EQ : Used in single table EQuality predicate
RANGE : Used in single table RANGE predicate
LIKE : Used in single table LIKE predicate
NULL : Used in single table is (not) NULL predicate
EQ_JOIN : Used in EQuality JOIN predicate
NONEQ_JOIN : Used in NON EQuality JOIN predicate
FILTER : Used in single table FILTER predicate
JOIN : Used in JOIN predicate
DBMS_STATS.REPORT_COL_USAGE('SCOTT','T')
--------------------------------------------------------------------------------
GROUP_BY : Used in GROUP BY expression
...............................................................................
###############################################################################
COLUMN USAGE REPORT FOR SCOTT.T
................................
1. SKEW : EQ
###############################################################################
Now, when I collect statistics with the default METHOD_OPT, I will get a histogram on SKEW,
begin
dbms_stats.gather_table_stats(ownname=>'SCOTT',tabname=>'T');
end;
/
REM check for histogram - should have gone with no col usage
select table_name, column_name, num_distinct, num_nulls, histogram, num_buckets, sample_size
from dba_tab_col_statistics
where owner = 'SCOTT'
and table_name = 'T'
/
Table Column Num Num Num Sample
Name Name Distinct Nulls Histogram Buckets Size
----- ------ -------- ----- --------- ------- -------
T A 10 0 NONE 1 1000
T B 10 0 NONE 1 1000
T C 10 0 NONE 1 1000
T SKEW 120 0 FREQUENCY 120 1000
Nest, I will delete the column usage and collect the statistics again
REM remove the column usage
exec dbms_stats.reset_col_usage('SCOTT','T');
begin
dbms_stats.gather_table_stats(ownname=>'SCOTT',tabname=>'T');
end;
/
REM check for histogram - should have gone with no col usage
select table_name, column_name, num_distinct, num_nulls, histogram, num_buckets, sample_size
from dba_tab_col_statistics
where owner = 'SCOTT'
and table_name = 'T'
/
And now the histogram has gone. QED.
Table Column Num Num Num Sample
Name Name Distinct Nulls Histogram Buckets Size
----- ------ -------- ----- --------- ------- -------
T A 10 0 NONE 1 1000
T B 10 0 NONE 1 1000
T C 10 0 NONE 1 1000
T SKEW 120 0 NONE 1 1000
Conclusion
As you add histograms to a table, the time taken to collect statistics and parse statements increases. I think having a mechanism to remove unwanted histograms is desirable. However, it has the potential to cause problems, so just be aware of it.

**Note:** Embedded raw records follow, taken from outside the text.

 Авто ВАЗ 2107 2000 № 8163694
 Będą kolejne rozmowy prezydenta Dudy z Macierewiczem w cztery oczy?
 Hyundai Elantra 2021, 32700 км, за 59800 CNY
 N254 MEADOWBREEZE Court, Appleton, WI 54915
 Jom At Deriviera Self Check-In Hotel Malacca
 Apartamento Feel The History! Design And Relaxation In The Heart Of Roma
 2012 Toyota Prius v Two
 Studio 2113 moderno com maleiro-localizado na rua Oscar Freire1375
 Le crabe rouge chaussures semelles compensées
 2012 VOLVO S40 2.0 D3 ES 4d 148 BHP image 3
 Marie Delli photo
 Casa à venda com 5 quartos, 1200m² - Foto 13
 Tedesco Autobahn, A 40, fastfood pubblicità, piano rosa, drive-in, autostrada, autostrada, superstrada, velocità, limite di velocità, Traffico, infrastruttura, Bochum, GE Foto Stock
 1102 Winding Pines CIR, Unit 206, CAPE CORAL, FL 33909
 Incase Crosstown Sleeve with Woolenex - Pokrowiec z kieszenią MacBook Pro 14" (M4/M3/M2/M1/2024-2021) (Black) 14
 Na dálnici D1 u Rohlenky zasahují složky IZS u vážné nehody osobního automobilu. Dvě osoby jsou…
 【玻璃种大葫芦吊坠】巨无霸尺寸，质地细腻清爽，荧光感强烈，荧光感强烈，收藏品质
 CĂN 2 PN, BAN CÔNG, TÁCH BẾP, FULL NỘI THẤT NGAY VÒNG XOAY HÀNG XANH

If you are sure that you need histograms on a particular column, then I would suggest creating table preferences for METHOD_OPT and managing those preferences along with the table DDL.
If you are sure that you need histograms on a particular column, then I would suggest creating table preferences for METHOD_OPT and managing those preferences along with the table DDL.